Deliberately or not, if you click the “Random” button on the website, you’re going to end up on a page with a decidedly white, english-speaking college-degreed GenX bias.
I love Wikipedia, and I treasure it as a project dedicated to accruing and curating enormous amounts of information. But it is absolutely a biased source.
The issue with your take is that literally "everything has a bias*. But Wikipedia does what it can to correct for that bias. Any good media outlet will attempt to reduce their bias when possible.
Unfortunately, all too often people on the internet will see someone complaining “this outlet is biased, you can’t trust it”. Then those people get pushed towards some other source that does nothing to correct for bias with those sources sometimes being just outright propaganda.
Absolutely.
Absolutely not.
Corporate media attempts to reduce the appearance of bias in order to maximize its customer base. But that is because the call to action of corporate media is to indulge in the consumer economy.
Activist media attempts to deliberately agitate its audience in order to affect political change. That is because the call to action of activist media is to achieve political reform/revolution.

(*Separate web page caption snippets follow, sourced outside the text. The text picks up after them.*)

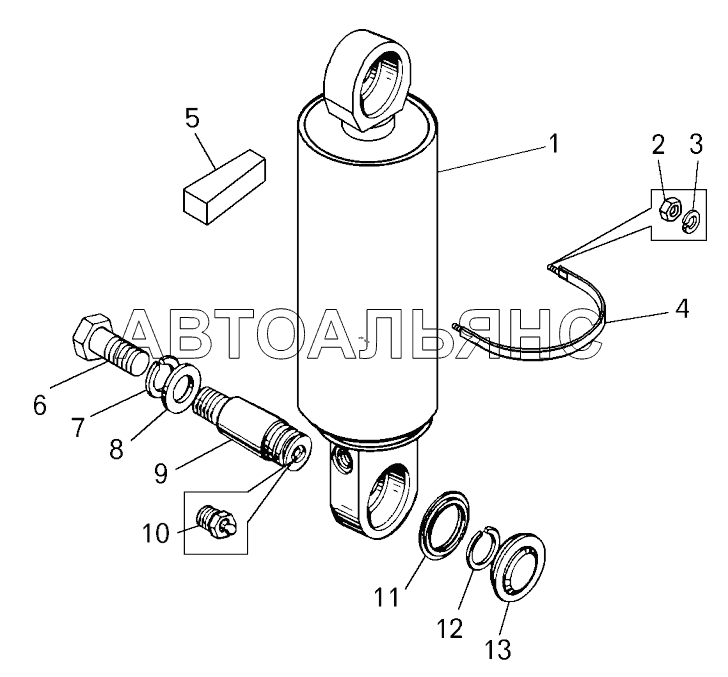 Установка цилиндра опрокидывающего механизма;Mounting of dumping mechanism cylinder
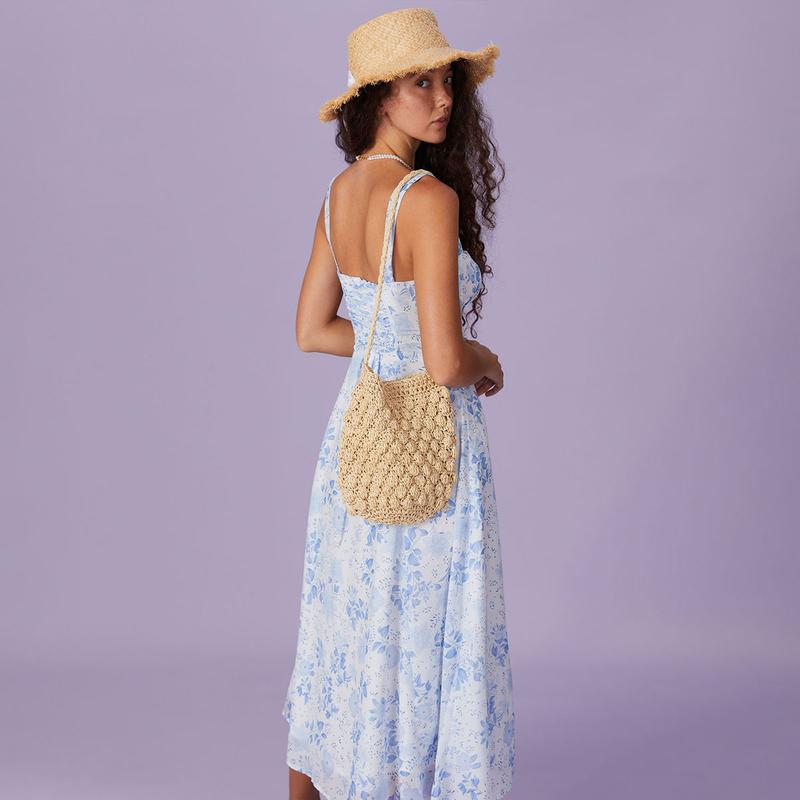 RIHOAS Casual Comfort Summer Dress - Sleeveless Halter Neck, Bodycon Fit Breathable Floral Comfortable Feminine Print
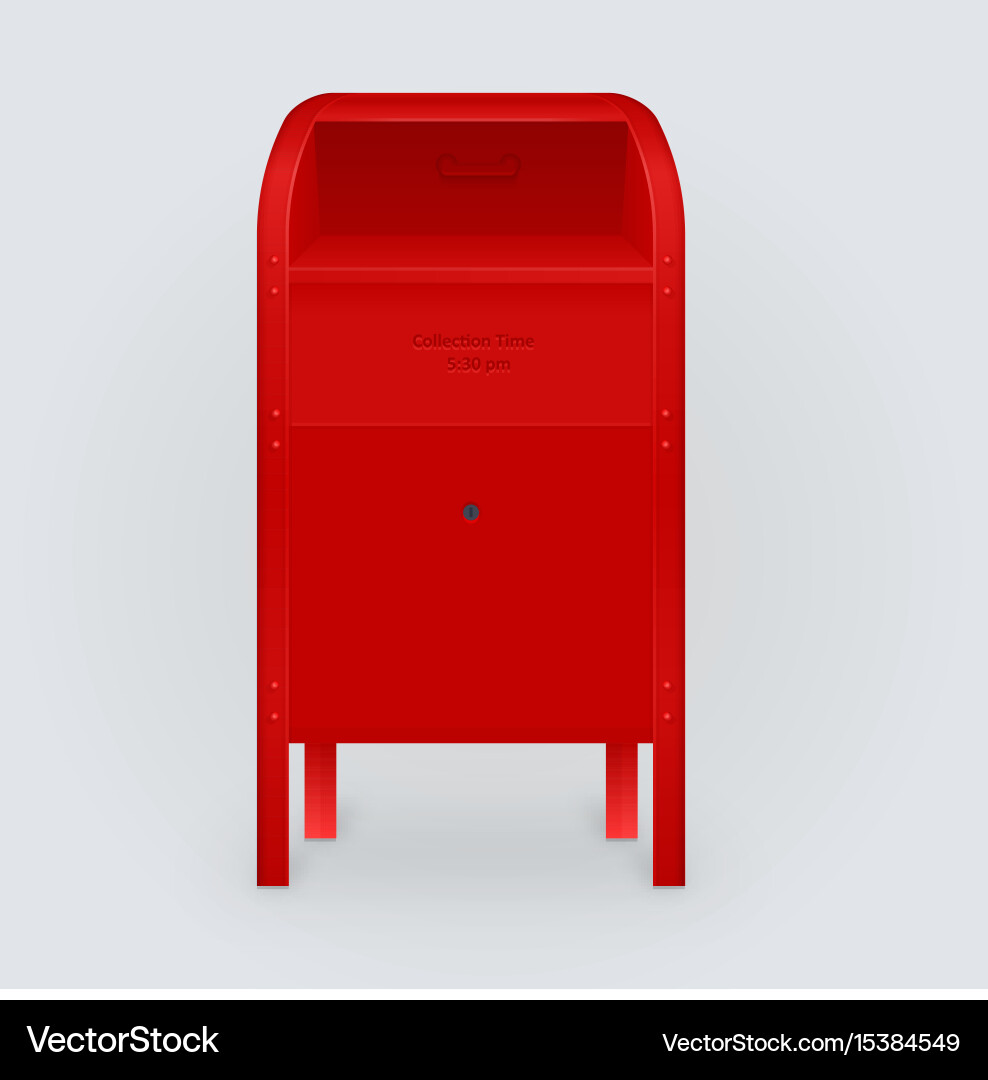 Red postbox isolated gradient background Vector Image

Social Media attempts to maximize the number of interactions with the online material. That is because the call to action of social media is repeat engagement and continuous contribution (which the site’s administers consider valuable free labor). Wikipedia is a form of social media whose business model revolves around power-users continuously contributing volunteer time and money. And since the root of the organization is liberal-libertarian, and the goals of the organization are similarly skewed, the incentives to participate flow towards like-minded people.
They’re virtually never wrong. But the impulse to call out bias is rooted in one’s prior understanding of the world. It’s this friction that causes schism, not the degree of bias within the media.
Sure. But what you’re neglecting is the people who remain. People who are also biased, but whose biases segway with the existing material.
Wikipedia is hyper biased on any nonscientific topic.